▶ Exercise description
Starting with the line with "Hot Wheels Monster" in the entries below and going on through the line with "cm / 28x40 inches", output every line exactly and nothing more. No pictures.

▶ Provided data
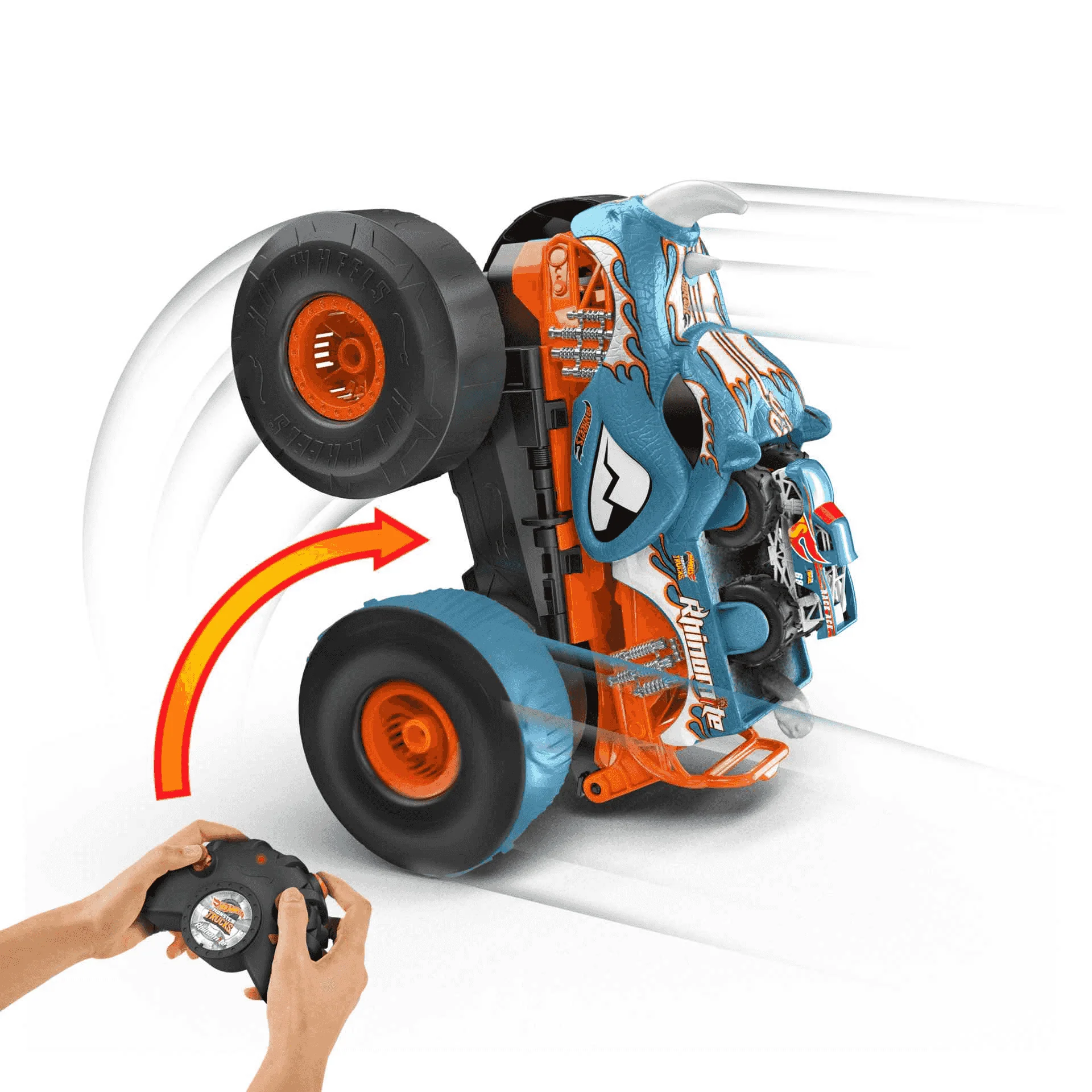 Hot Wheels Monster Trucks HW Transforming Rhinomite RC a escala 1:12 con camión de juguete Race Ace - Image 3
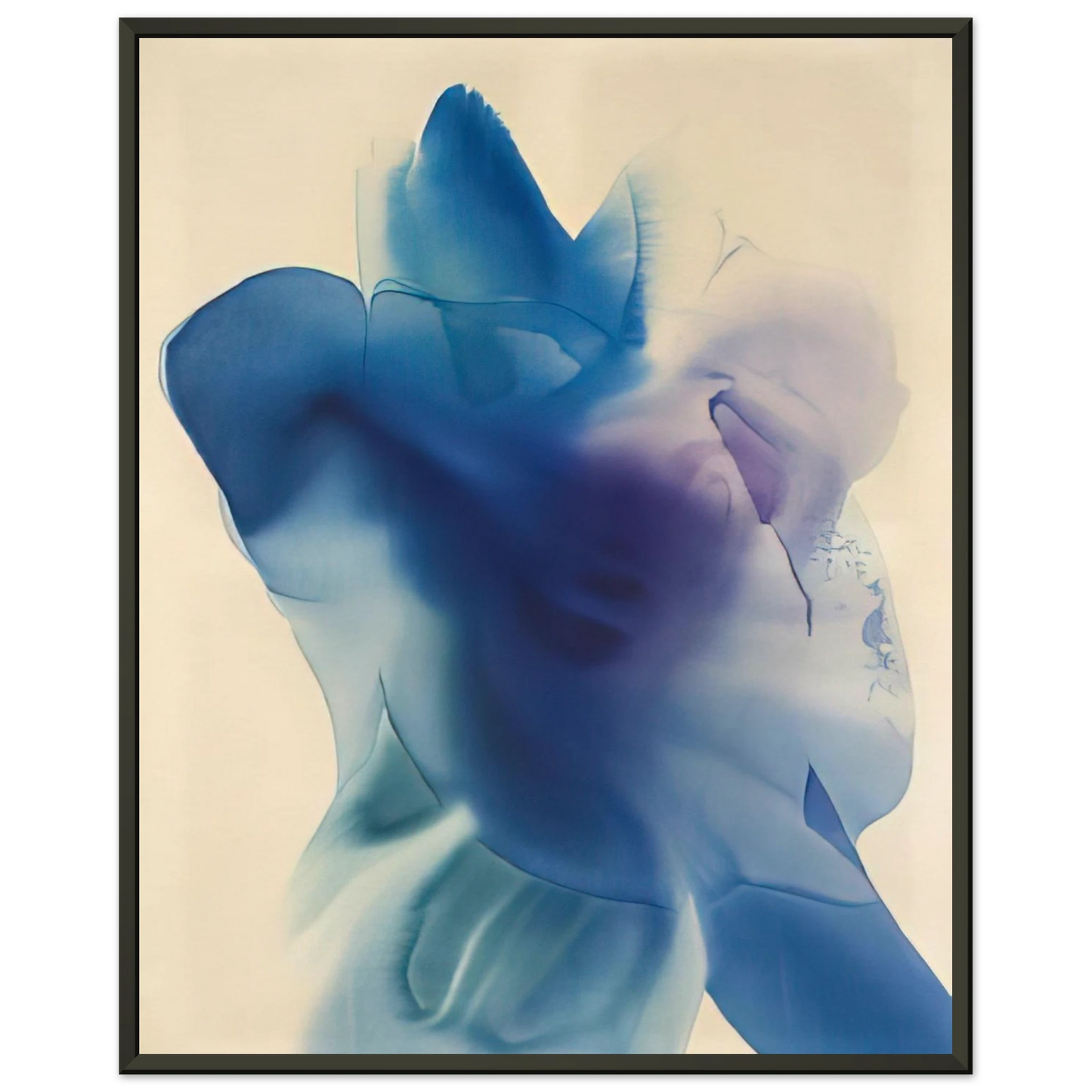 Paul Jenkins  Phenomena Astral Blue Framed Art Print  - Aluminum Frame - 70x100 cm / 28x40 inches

* * *

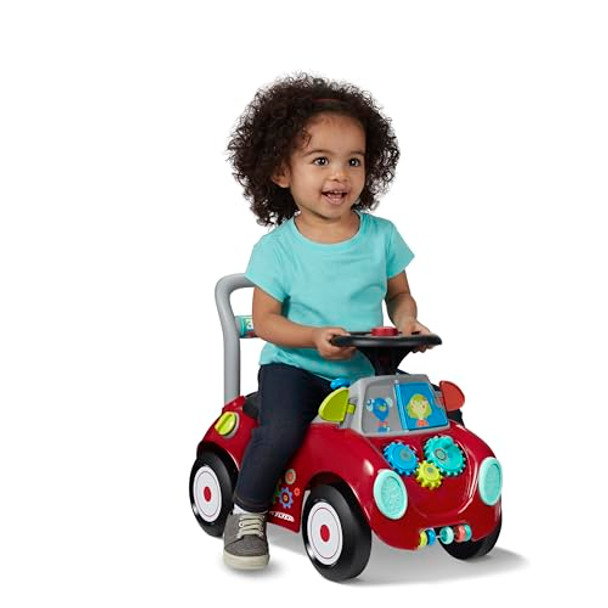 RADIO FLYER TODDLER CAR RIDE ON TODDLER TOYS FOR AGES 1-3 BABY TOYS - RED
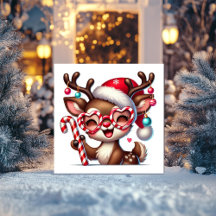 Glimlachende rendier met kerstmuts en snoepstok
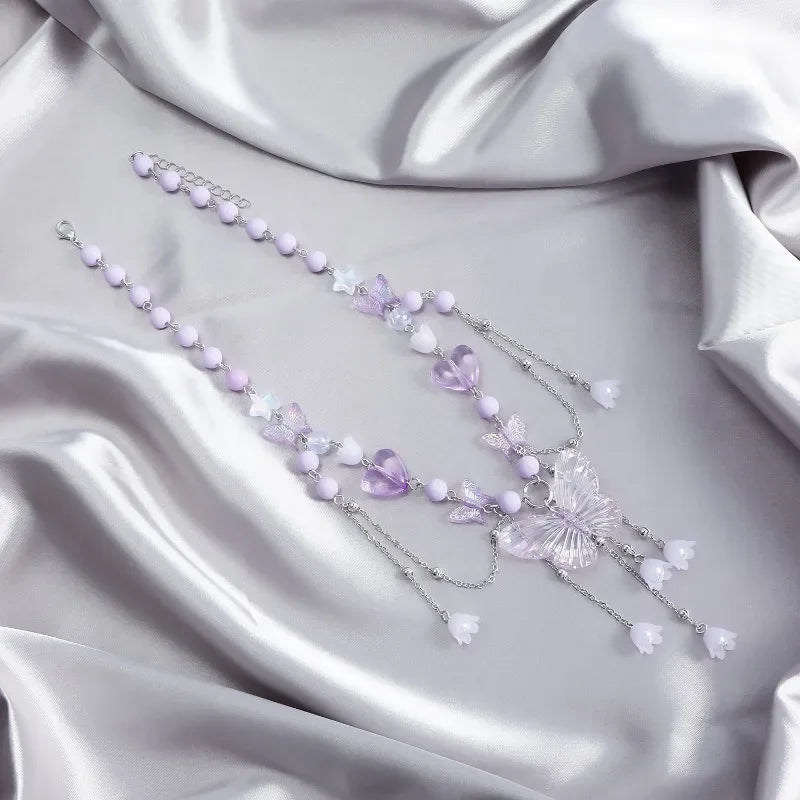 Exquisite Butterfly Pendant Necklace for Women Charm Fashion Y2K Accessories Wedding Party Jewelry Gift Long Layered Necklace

▶ Answer for the task
 Hot Wheels Monster Trucks HW Transforming Rhinomite RC a escala 1:12 con camión de juguete Race Ace - Image 3
 Paul Jenkins  Phenomena Astral Blue Framed Art Print  - Aluminum Frame - 70x100 cm / 28x40 inches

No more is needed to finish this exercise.